++++ DATASET EXCERPT
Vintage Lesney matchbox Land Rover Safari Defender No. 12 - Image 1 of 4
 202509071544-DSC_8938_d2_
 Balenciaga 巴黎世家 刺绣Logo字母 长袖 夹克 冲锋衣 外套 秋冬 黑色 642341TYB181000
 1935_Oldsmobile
++++++++
WHAT YOU ARE ASKED TO DO>
The material must be written out again in full and without changes.

ANSWER SECTION>
Vintage Lesney matchbox Land Rover Safari Defender No. 12 - Image 1 of 4
 202509071544-DSC_8938_d2_
 Balenciaga 巴黎世家 刺绣Logo字母 长袖 夹克 冲锋衣 外套 秋冬 黑色 642341TYB181000
 1935_Oldsmobile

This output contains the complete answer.